§ Instructions to follow: In the listing below, locate the line with "人教版高中体育《准备姿势和移动》浙江叶老师-市一等奖" and the line with "Kebetulan Melintas, Widia", then output both and everything between them exactly, minus any pictures.

━━ Data for this exercise ━━

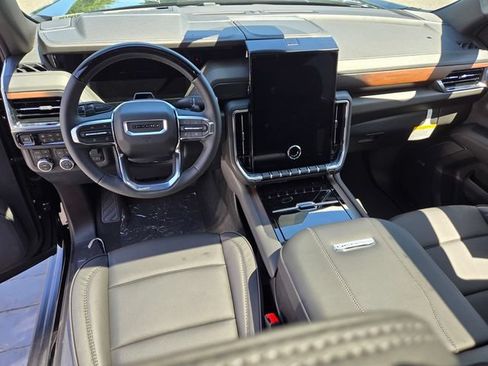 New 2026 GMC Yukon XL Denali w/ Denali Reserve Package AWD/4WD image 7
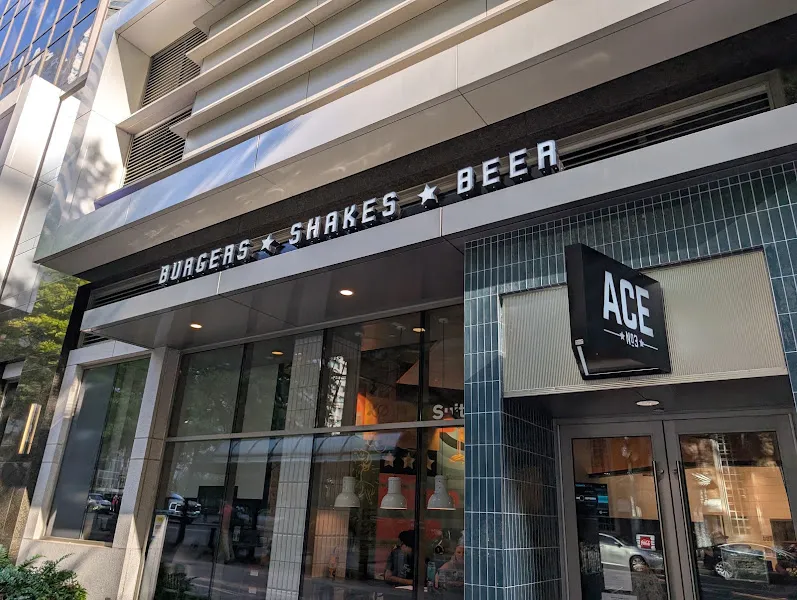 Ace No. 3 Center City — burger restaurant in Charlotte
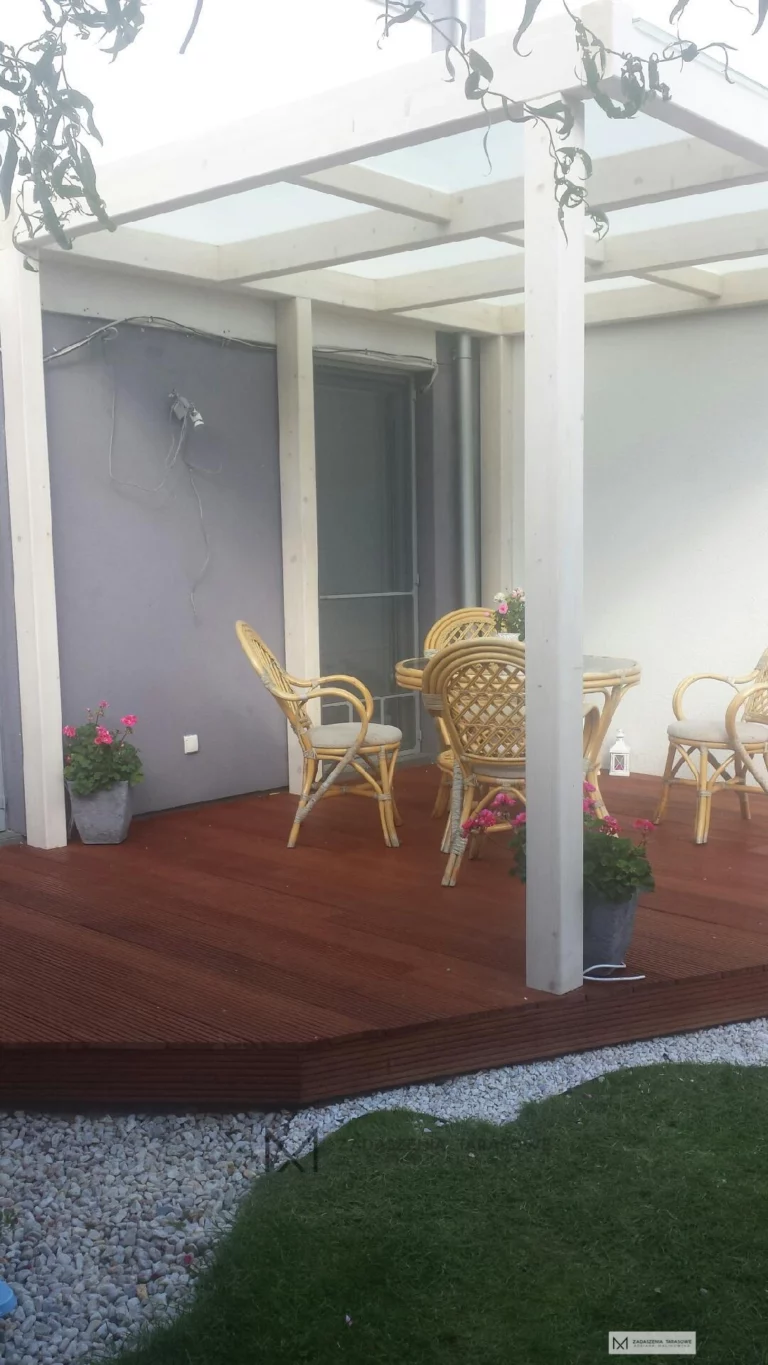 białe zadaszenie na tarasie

━━━
━━ Data for this exercise ━━

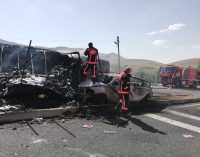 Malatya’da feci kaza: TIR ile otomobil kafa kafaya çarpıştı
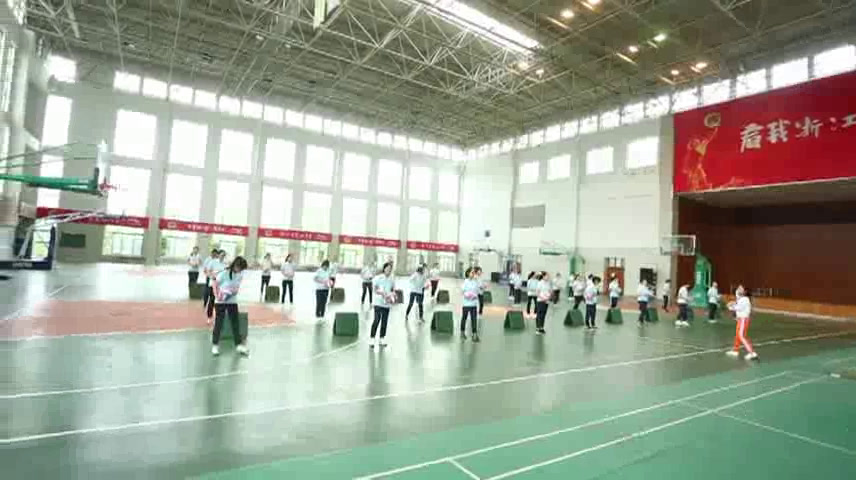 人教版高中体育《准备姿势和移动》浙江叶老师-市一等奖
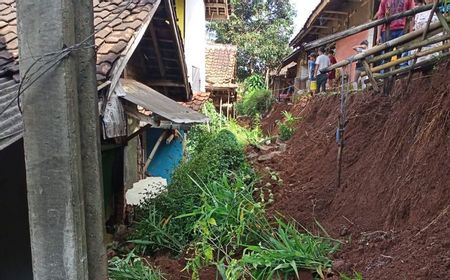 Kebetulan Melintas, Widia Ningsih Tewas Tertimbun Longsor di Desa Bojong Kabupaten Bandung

━━━

§ Expected answer:
 人教版高中体育《准备姿势和移动》浙江叶老师-市一等奖
 Kebetulan Melintas, Widia Ningsih Tewas Tertimbun Longsor di Desa Bojong Kabupaten Bandung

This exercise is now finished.